§ **Collected data**
BEGIN

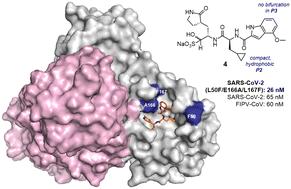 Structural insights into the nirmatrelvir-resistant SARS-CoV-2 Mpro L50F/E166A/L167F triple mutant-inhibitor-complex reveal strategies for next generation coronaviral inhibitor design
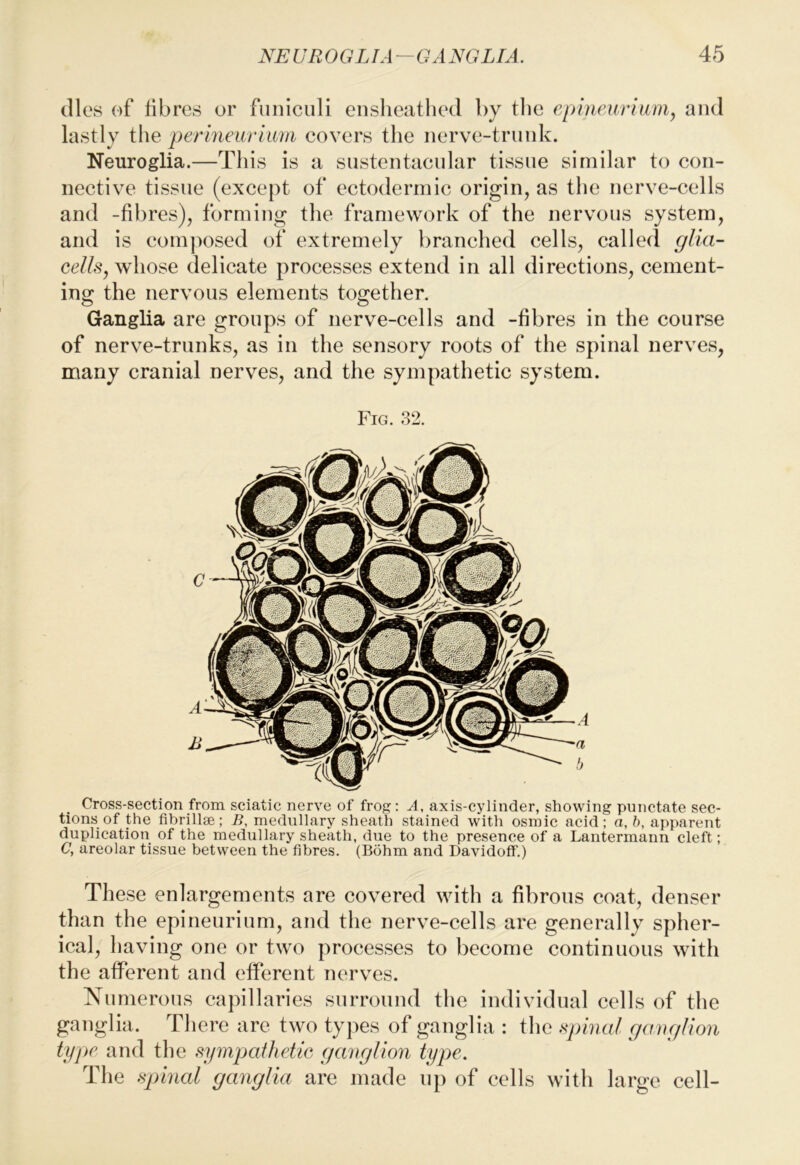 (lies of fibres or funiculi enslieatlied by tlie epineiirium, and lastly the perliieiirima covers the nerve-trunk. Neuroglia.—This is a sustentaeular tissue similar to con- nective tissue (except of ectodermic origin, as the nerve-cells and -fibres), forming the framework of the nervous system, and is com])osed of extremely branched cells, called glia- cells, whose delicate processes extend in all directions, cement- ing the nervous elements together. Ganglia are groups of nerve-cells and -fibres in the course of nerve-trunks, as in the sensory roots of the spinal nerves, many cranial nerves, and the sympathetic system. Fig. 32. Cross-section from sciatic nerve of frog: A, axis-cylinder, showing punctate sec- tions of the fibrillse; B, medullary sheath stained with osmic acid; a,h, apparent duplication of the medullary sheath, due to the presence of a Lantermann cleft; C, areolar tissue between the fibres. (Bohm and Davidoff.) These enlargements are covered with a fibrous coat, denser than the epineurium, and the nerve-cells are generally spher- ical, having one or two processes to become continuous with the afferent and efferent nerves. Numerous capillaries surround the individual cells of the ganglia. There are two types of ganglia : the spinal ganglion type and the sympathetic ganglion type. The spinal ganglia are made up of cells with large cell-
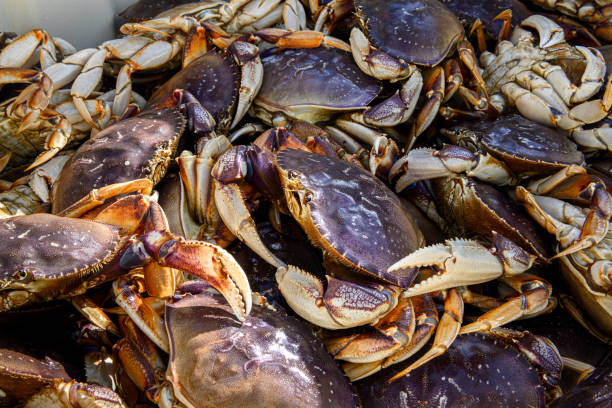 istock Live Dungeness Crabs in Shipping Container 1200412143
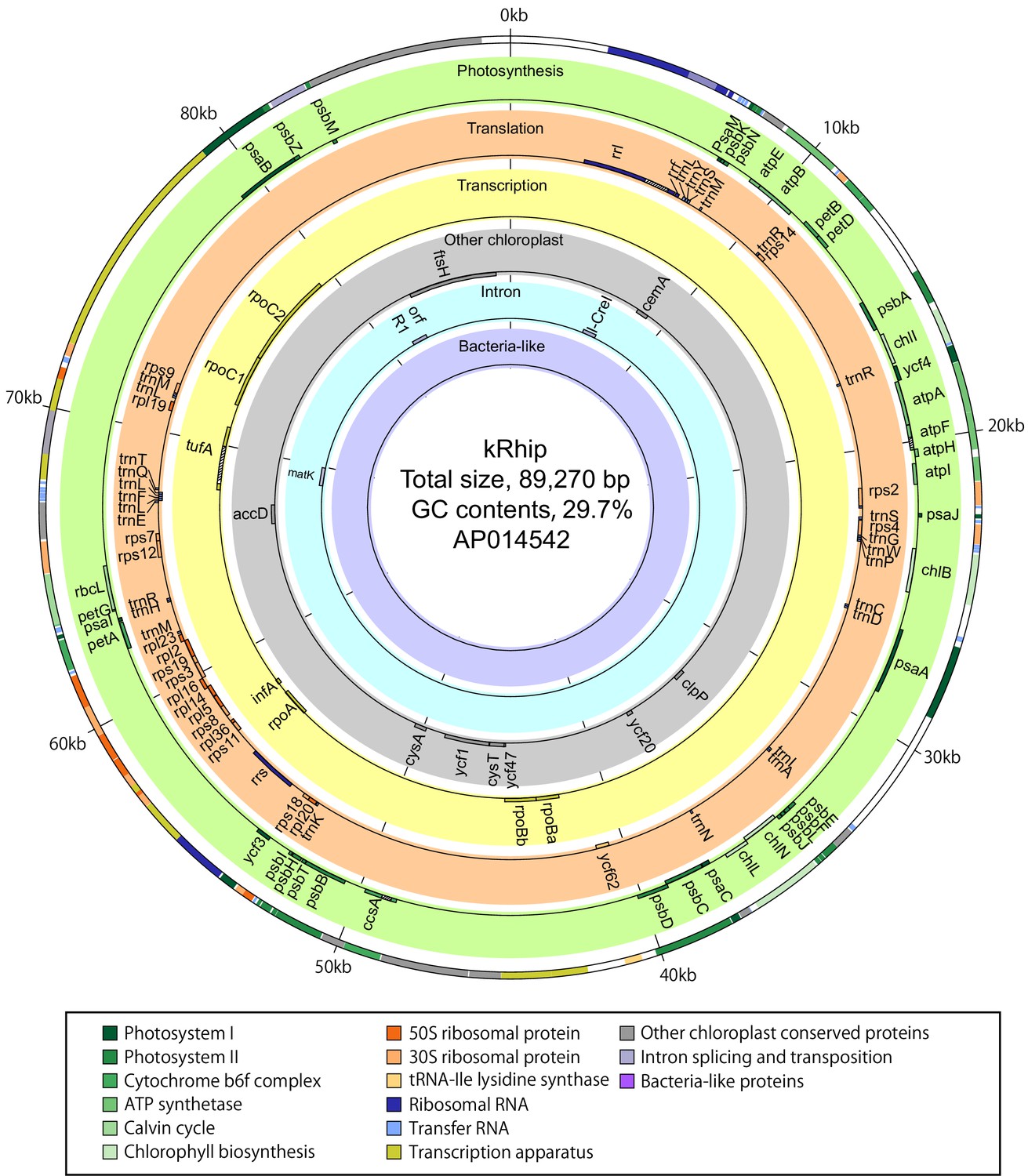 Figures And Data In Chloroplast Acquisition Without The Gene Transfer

END

§ **Problem**
The required output is every line from the one containing "(lies of fibres" through the last line of the data above, restated exactly and without pictures.

§ **Task output**
 (lies of fibres or funiculi enslieatlied by tlie epineiirium, and lastly the perliieiirima covers the nerve-trunk. Neuroglia.—This is a sustentaeular tissue similar to con- nective tissue (except of ectodermic origin, as the nerve-cells and -fibres), forming the framework of the nervous system, and is com])osed of extremely branched cells, called glia- cells, whose delicate processes extend in all directions, cement- ing the nervous elements together. Ganglia are groups of nerve-cells and -fibres in the course of nerve-trunks, as in the sensory roots of the spinal nerves, many cranial nerves, and the sympathetic system. Fig. 32. Cross-section from sciatic nerve of frog: A, axis-cylinder, showing punctate sec- tions of the fibrillse; B, medullary sheath stained with osmic acid; a,h, apparent duplication of the medullary sheath, due to the presence of a Lantermann cleft; C, areolar tissue between the fibres. (Bohm and Davidoff.) These enlargements are covered with a fibrous coat, denser than the epineurium, and the nerve-cells are generally spher- ical, having one or two processes to become continuous with the afferent and efferent nerves. Numerous capillaries surround the individual cells of the ganglia. There are two types of ganglia : the spinal ganglion type and the sympathetic ganglion type. The spinal ganglia are made up of cells with large cell-
 istock Live Dungeness Crabs in Shipping Container 1200412143
 Figures And Data In Chloroplast Acquisition Without The Gene Transfer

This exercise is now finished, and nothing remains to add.